The year 2022 hasn’t been stellar for cryptocurrency, as most major tokens are down more than 50% off their 2021 highs. Despite the prolonged bear market, interest in crypto investing remains strong and could grow stronger as Ethereum progresses toward its next iteration: ETH 2.0. What is Ethereum 2.0 do? In theory, the switch will provide faster transactions and fewer headaches, but hurdles still remain for implementation.
In order to understand the reasons behind the Ethereum upgrade, it’s important to know the different ways cryptocurrency transactions reach a consensus. One of the puzzles digital currencies solve is how to verify transactions in a trustless system without a third party. When two parties send cash over PayPal or Venmo, banks and centralized processors verify and confirm the transaction. With no centralized authority, cryptocurrencies depend on two main processes: proof-of-work and proof-of-stake.

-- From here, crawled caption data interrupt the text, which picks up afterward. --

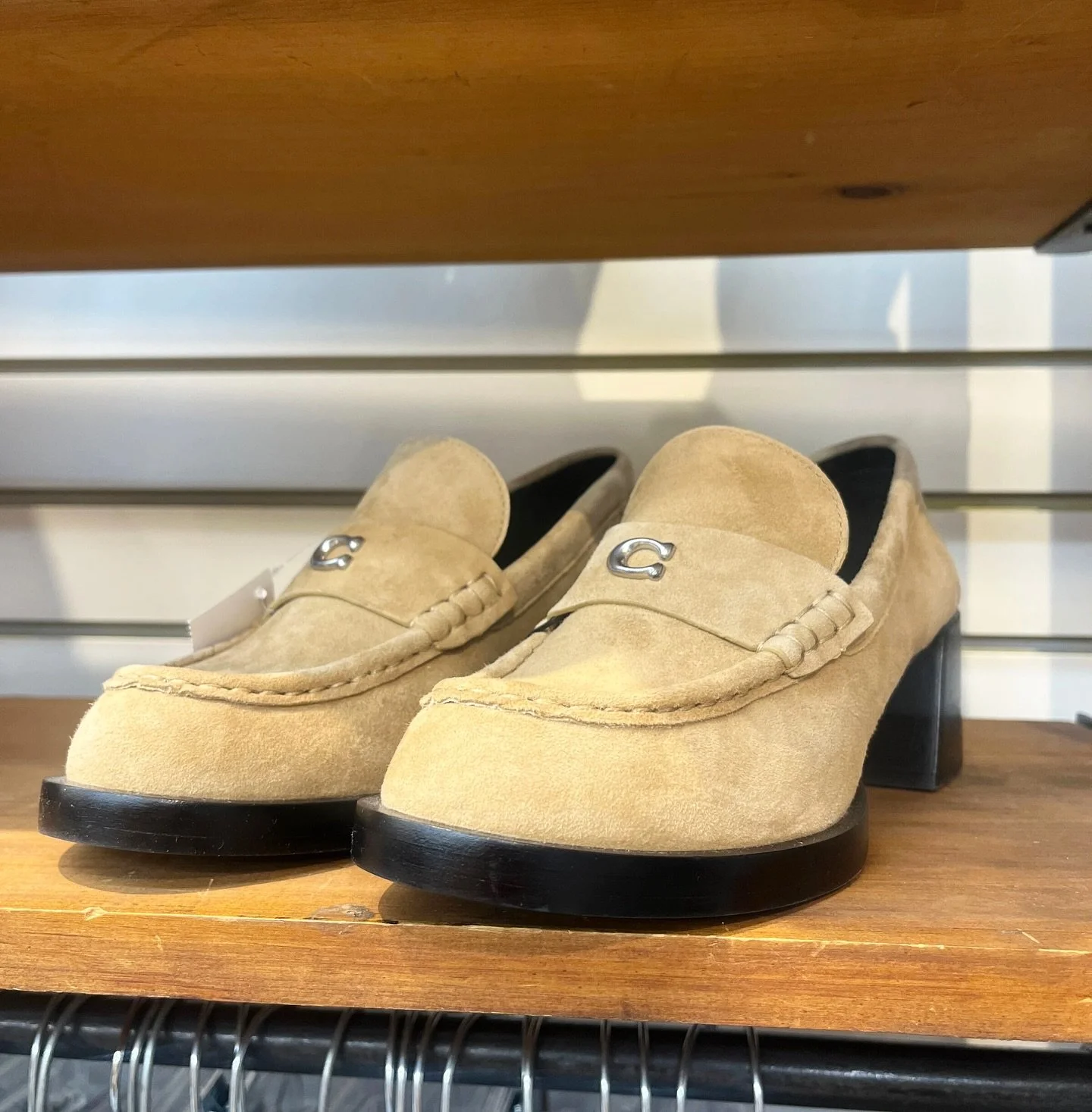 New Coach shoe finds from @greenestreetenglishvillage😍

&bull; Coach suede heeled loafers Size 8 $46.95
&bull; Coach monogram boots size 6.5 $85.95
&bull; Coach green suede boots Size 9 $82.95

Call or email us for inquiries!
📞267-468-7531
📧englis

Will ETH 2.0 replace ETH? Well, not exactly. Ethereum 2.0 is a new blockchain known as the Beacon Chain, which will eventually merge with the original Ethereum blockchain to create an execution layer (ETH 1.0) and a consensus layer (ETH 2.0).

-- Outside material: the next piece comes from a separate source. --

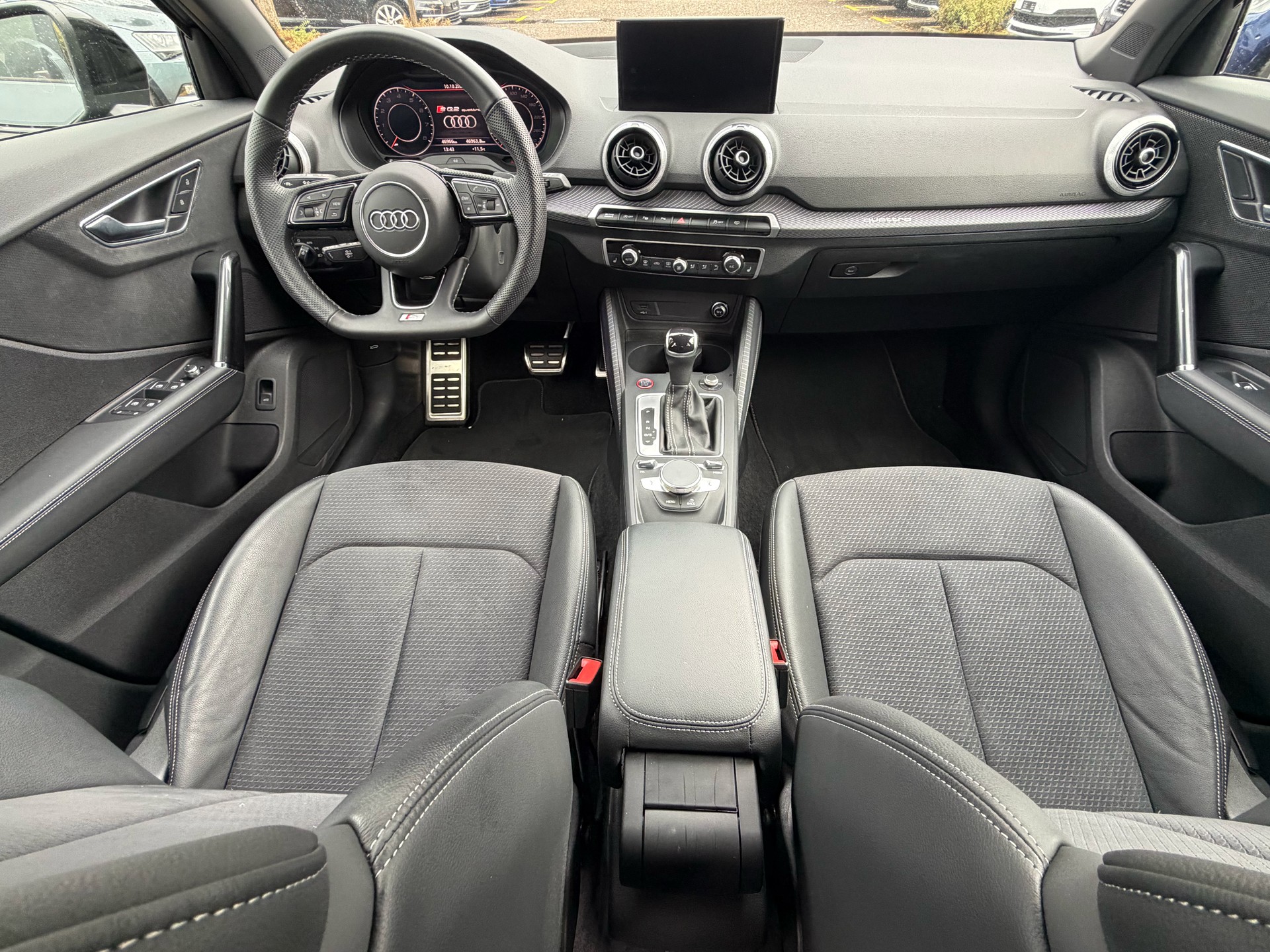 AUDI SQ2 TFSI quattro S-tronic-image-11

As cryptocurrency reached its zenith in the second half of 2021, many traders of tokens and NFTs noticed a recurring problem: slowing transaction speeds and sky-high gas fees. One of the downsides of the proof-of-work system is the massive amounts of computing power required to mine and verify transactions. And when too many transactions are being processed on the network, Ethereum gas fees spike, leaving users paying large transaction costs and getting minimal bang for their buck.
Under the PoS system, Ethereum 2.0 is expected to have a much faster processing speed than the original Ethereum blockchain. Under the current PoW system, Ethereum cannot process transactions quickly. Only about 15 transactions can be processed per second, which creates large backlogs and jacks up gas fees.

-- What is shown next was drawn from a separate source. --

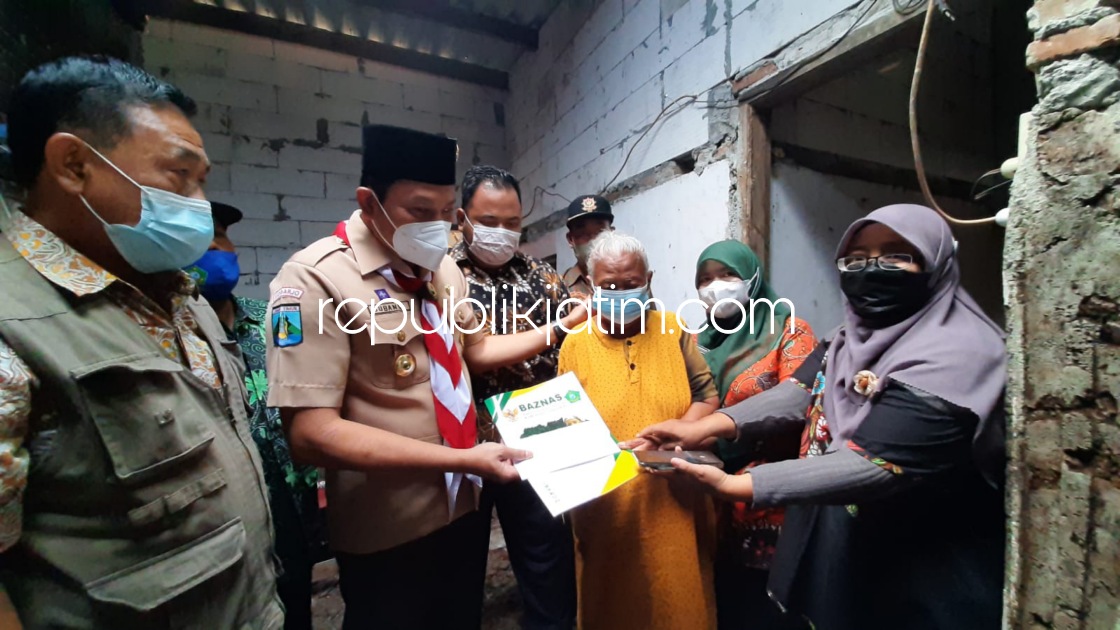 BANTUAN - Wabup Sidoarjo, Subandi bersama Plt Ketua BAZNAS Sidoarjo, M Ilhammudin dan Kepala Desa Kedungrejo, Nico Oktavian mengunjungi rumah Mbah Bakriyah (68) warga Desa Kedungrejo, Kecamatan Waru yang hidup sebatang kara, Selasa (08/03/2022).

ETH 2.0 will utilize a process called ‘sharding’ to relieve network tension by splitting the database into separate entities. The upgrade is currently promising up to 10,000 processed transactions per second, improving scalability and greatly reducing user fees. Not only will the network be faster and cheaper to use, but PoS is expected to beef up the security of the network as well.
The plan for Ethereum 2.0 is to increase the network's speed, security, and scalability, but the current Ethereum blockchain won't exactly be going away. Instead, the two chains will merge, and all new transactions will be processed using PoS. There is a scenario in which ETH could hard fork. In that case, ETH 1.0 will continue to exist on its current POW chain as ETH 2.0 moves forward on the new POS chain.
Right now, the Ethereum upgrade is scheduled for the 4Q of 2022, but delays have occurred in the past, so nothing is set in stone. Regardless of timeline, with faster speeds and lower gas fees on the horizon, crypto investors are eagerly anticipating the merge.